(Beginning of The input)
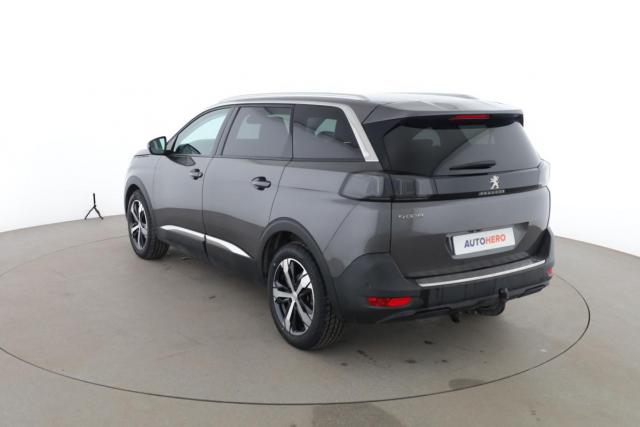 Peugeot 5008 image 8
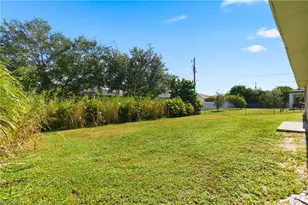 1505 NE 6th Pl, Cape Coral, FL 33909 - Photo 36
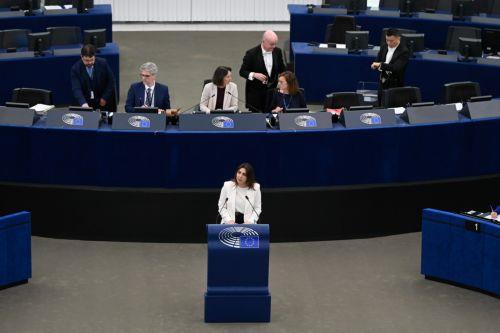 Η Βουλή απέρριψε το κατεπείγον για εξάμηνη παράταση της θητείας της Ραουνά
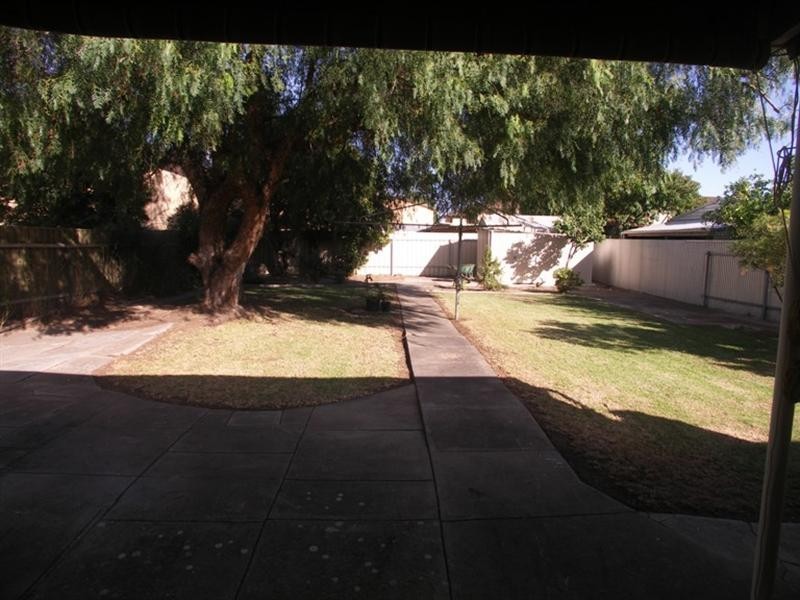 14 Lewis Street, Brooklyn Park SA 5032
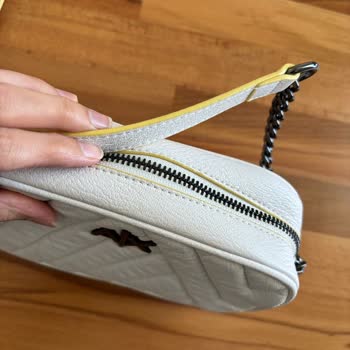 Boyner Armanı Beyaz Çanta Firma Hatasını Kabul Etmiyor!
(End of The input)
(Beginning of The input)
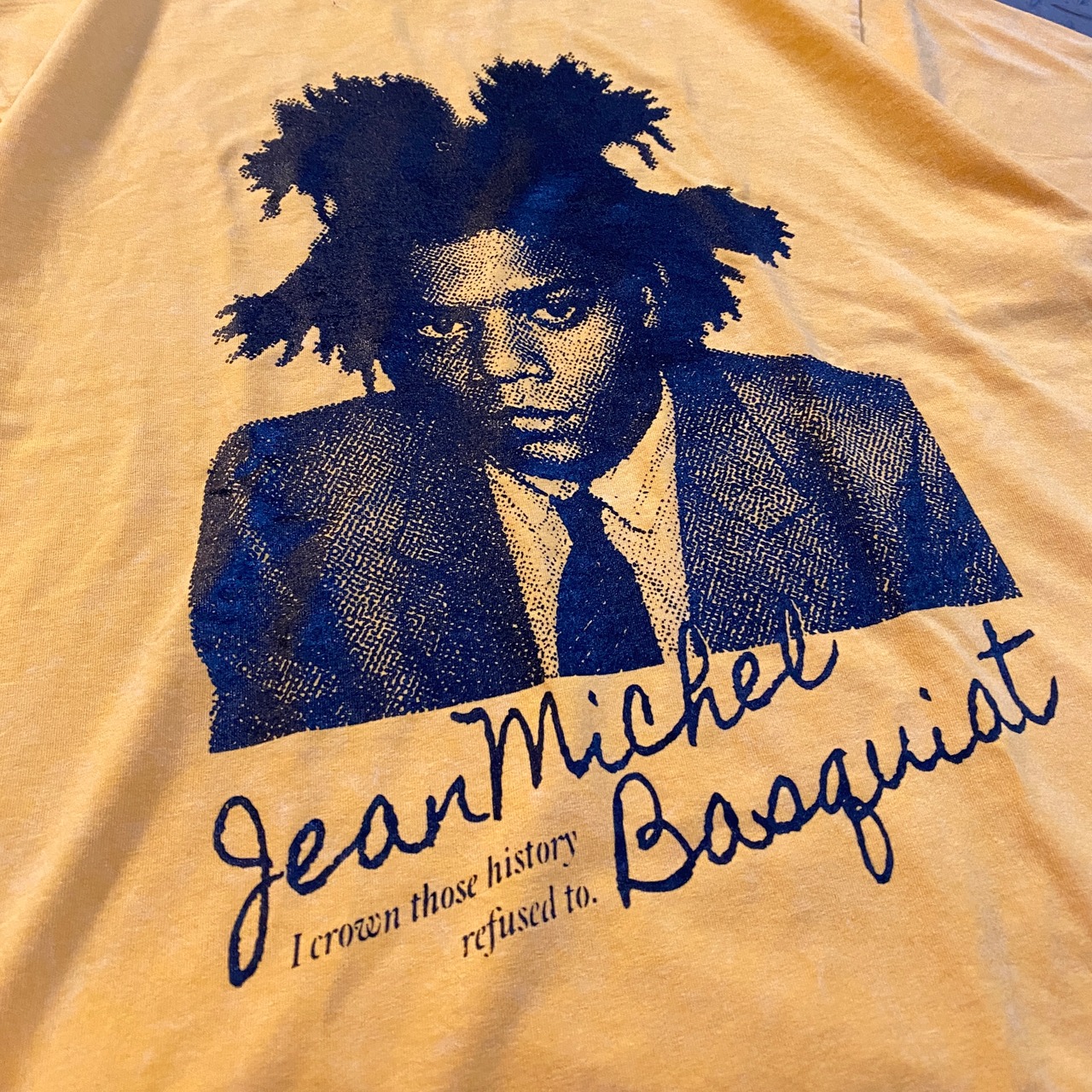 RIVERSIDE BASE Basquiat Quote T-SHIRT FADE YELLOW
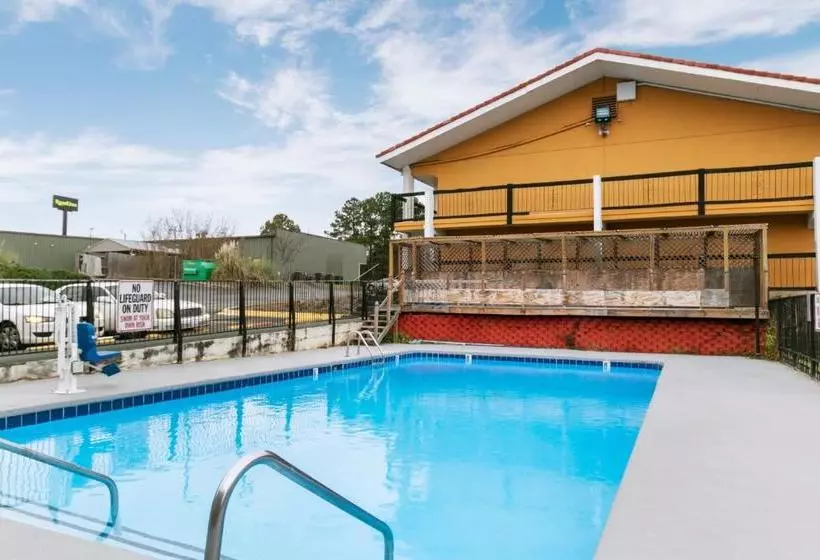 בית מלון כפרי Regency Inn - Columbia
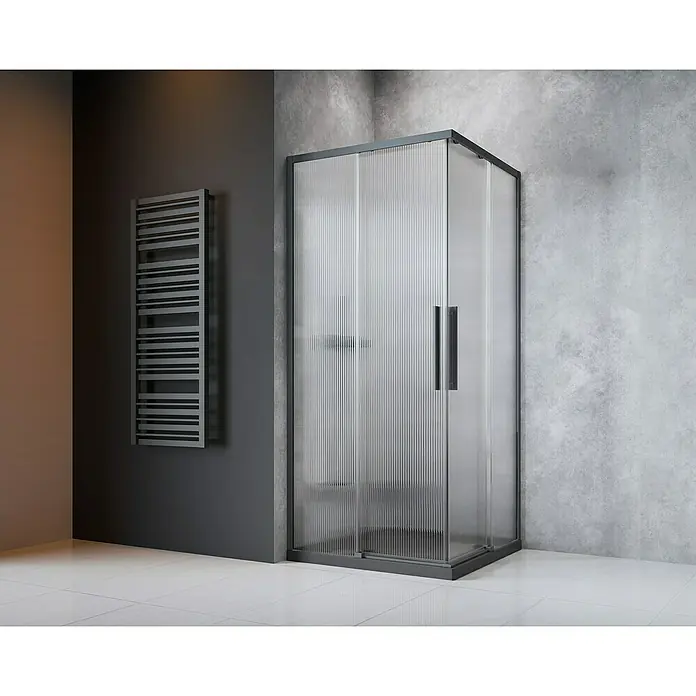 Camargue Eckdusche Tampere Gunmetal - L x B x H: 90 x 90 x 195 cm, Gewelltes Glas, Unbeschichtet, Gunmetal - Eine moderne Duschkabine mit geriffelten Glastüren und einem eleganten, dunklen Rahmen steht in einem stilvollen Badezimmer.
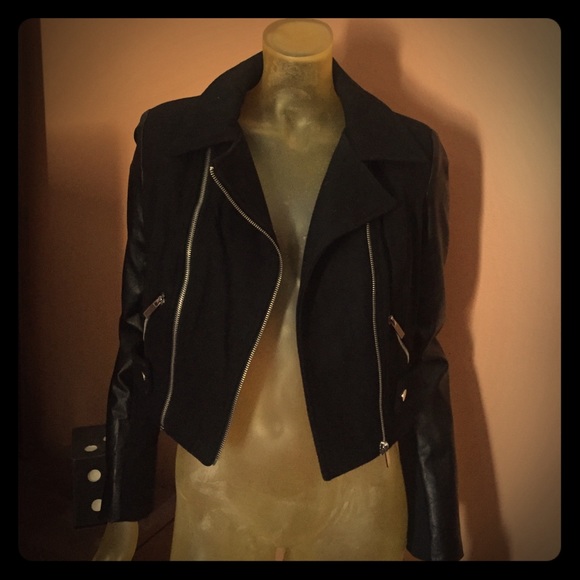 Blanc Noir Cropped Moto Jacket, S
(End of The input)
Work to complete
Print exactly the lines above that run from the one with "Peugeot 5008 image 8" down to the one with "Boyner Armanı Beyaz", and omit the pictures.

Written response
 Peugeot 5008 image 8
 1505 NE 6th Pl, Cape Coral, FL 33909 - Photo 36
 Η Βουλή απέρριψε το κατεπείγον για εξάμηνη παράταση της θητείας της Ραουνά
 14 Lewis Street, Brooklyn Park SA 5032
 Boyner Armanı Beyaz Çanta Firma Hatasını Kabul Etmiyor!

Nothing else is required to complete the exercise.